Volkswagen rêvait d’un roadster MX-5 à moteur central de 180 ch et 4,3 L/100 km : un projet annulé qui laisse un goût amer

Volkswagen MX-5 : un roadster de rêve abandonné

Dans le domaine de l’automobile, peu de concepts laissent un empreinte aussi forte que celui d’un roadster compact, léger et réactif. En 2009, Volkswagen a permis entrevoir un tel projet avec son Bluesport, un roadster aux proportions séduisantes de 3,99 mètres, équipé d’un moteur central, promettant un choix audacieux à l'ère des véhicules de sport.

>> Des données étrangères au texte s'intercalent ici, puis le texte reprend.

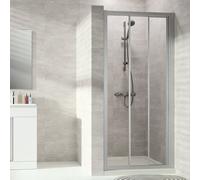 Porta scorrevole Hüppe Alpha 2, in due parti, con segmento fisso, 880x1900 mm, completamente intelaiata, A22214, Cabine doccia: Profilo colore argento vetro opaco ESG trasparente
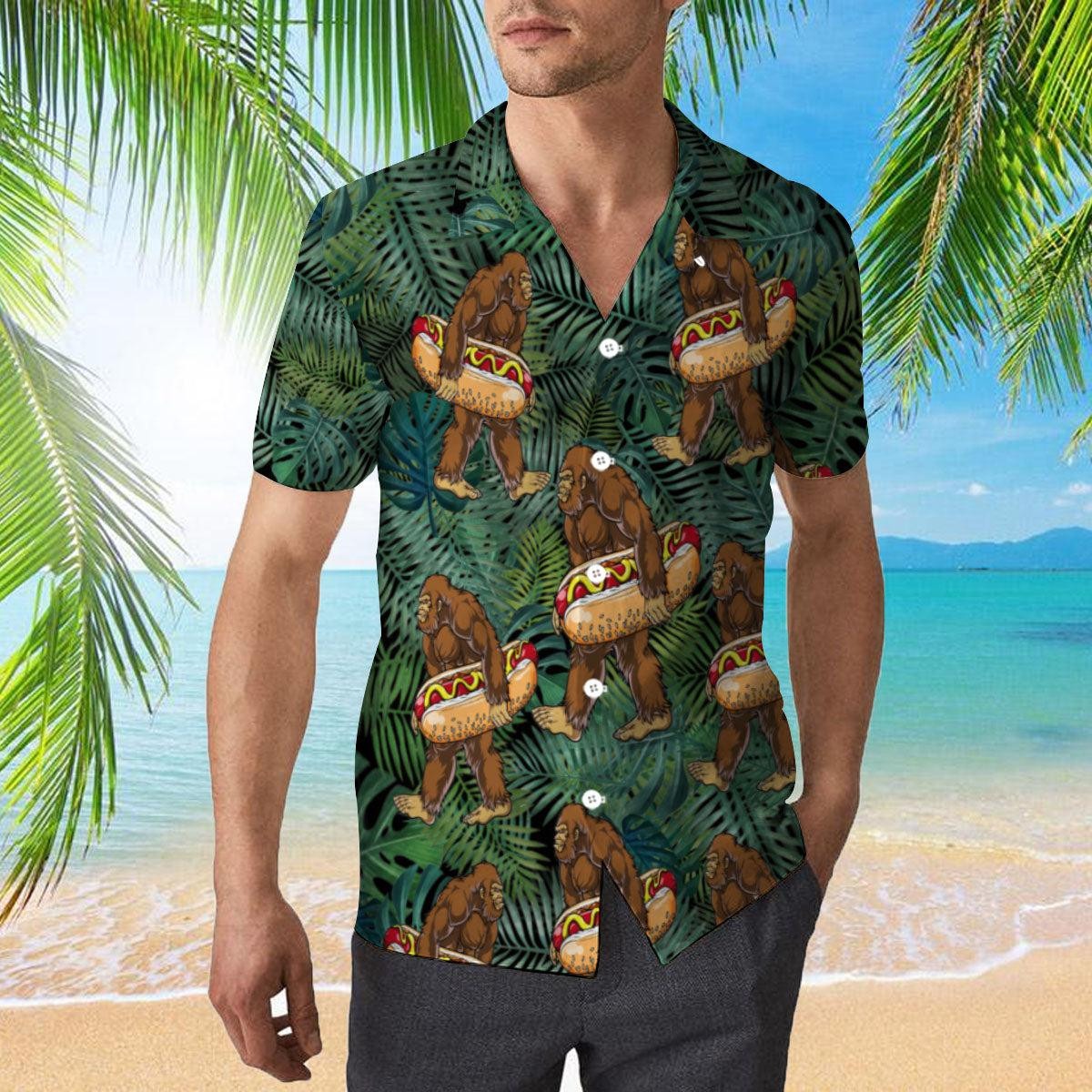Tropical Bigfoot Carrying Hotdog Camping Hawaiian Shirt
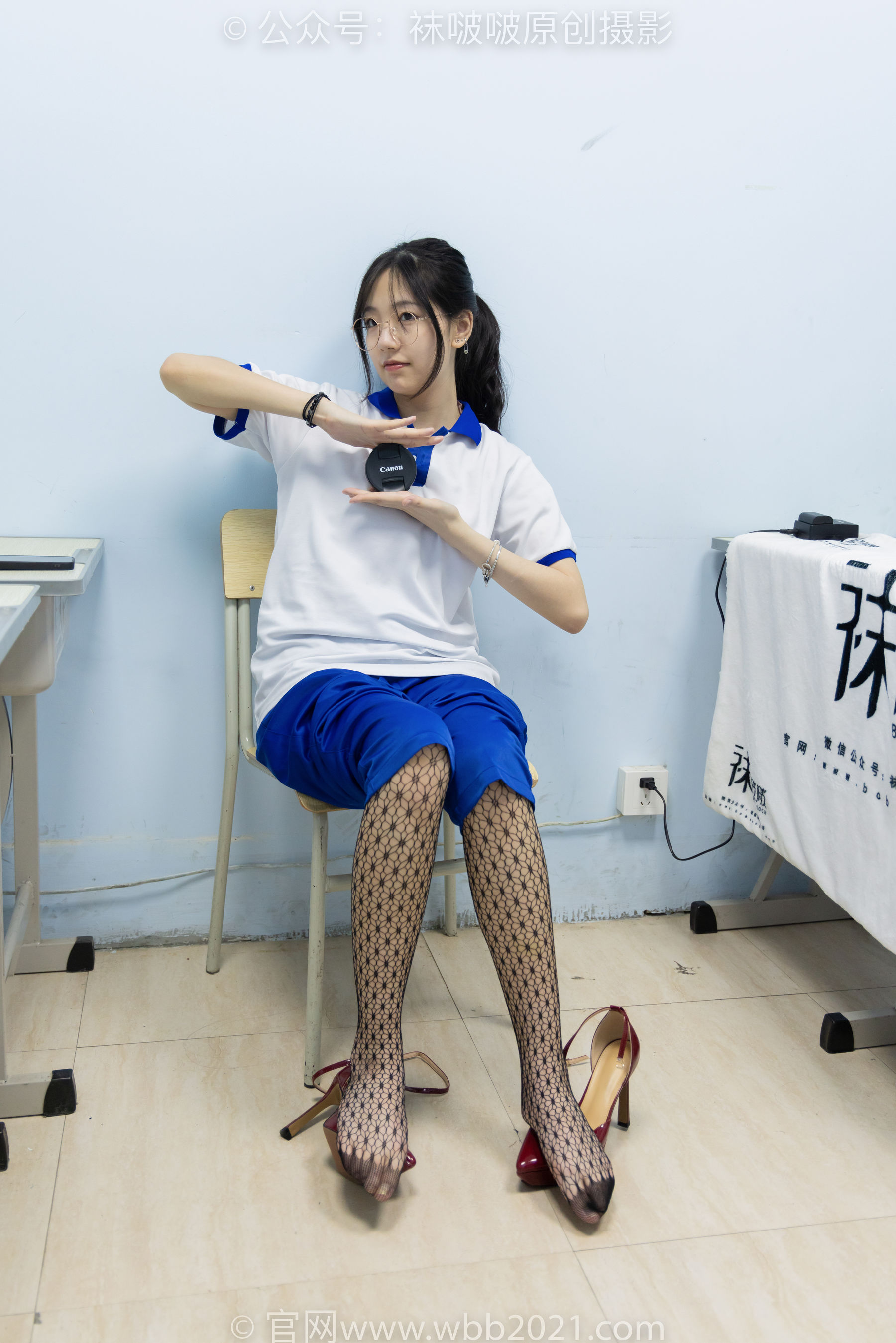 BoBoSocks袜啵啵 No.375 小甜豆 -高跟鞋、黑色蕾丝网袜、校服裤里丝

L'idée d'un modèle conjuguant légèreté et faible consommation, affichant un respectable 4,3 L/100 km, titillait déjà les passionnés de conduite.

Bien que l’inspiration sembla s’ancrer dans la lignée du MX-5 de Mazda, le Bluesport ne se bornait pas à une simple copie. Il visait une approche technique et raffinée, une sorte de réponse allemande aux roadsters britanniques comme la Lotus Elise ou la célèbre Alpine A110. Ce modèle attirait également l'attention des amateurs de voitures de sport, affichant à la fois le confort d'une grande GT et l'âme d'un véhicule de compétition.

Mais un projet aussi novateur soulève inévitablement la question cruciale qui se cache derrière son abandon : pourquoi Volkswagen, un constructeur connu pour ses innovations, n'a-t-il pas donné suite à un projet aussi prometteur ? Les réponses se révèlent aussi multiples que les ambitions qui guettaient l’industrie automobile à l'époque. Entre contraintes économiques et choix stratégiques, l’histoire du Bluesport souligne un parfum de regret qui persiste encore aujourd'hui.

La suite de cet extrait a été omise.